### Given data

──────

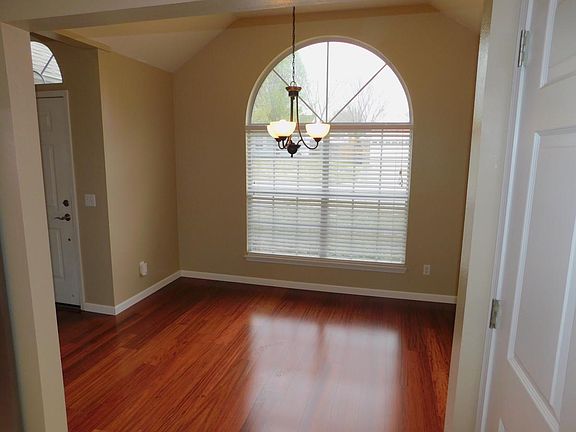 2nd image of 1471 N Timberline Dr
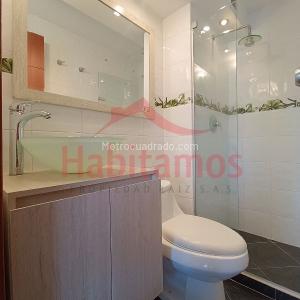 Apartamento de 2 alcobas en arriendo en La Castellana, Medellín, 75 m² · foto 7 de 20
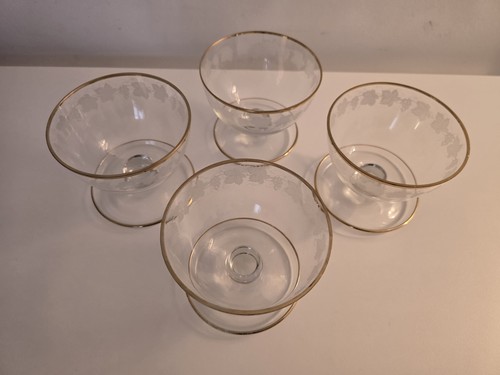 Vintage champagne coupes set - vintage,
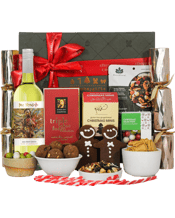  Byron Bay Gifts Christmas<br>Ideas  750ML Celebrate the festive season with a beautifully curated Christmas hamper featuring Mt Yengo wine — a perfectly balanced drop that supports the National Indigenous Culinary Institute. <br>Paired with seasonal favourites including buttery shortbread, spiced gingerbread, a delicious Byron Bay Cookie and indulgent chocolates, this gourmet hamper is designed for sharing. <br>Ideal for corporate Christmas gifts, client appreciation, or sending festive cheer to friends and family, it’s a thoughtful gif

──────

### Problem
Return the material exactly as written, except for any pictures it holds.

### The completed task
 2nd image of 1471 N Timberline Dr
 Apartamento de 2 alcobas en arriendo en La Castellana, Medellín, 75 m² · foto 7 de 20
 Vintage champagne coupes set - vintage,
  Byron Bay Gifts Christmas<br>Ideas  750ML Celebrate the festive season with a beautifully curated Christmas hamper featuring Mt Yengo wine — a perfectly balanced drop that supports the National Indigenous Culinary Institute. <br>Paired with seasonal favourites including buttery shortbread, spiced gingerbread, a delicious Byron Bay Cookie and indulgent chocolates, this gourmet hamper is designed for sharing. <br>Ideal for corporate Christmas gifts, client appreciation, or sending festive cheer to friends and family, it’s a thoughtful gif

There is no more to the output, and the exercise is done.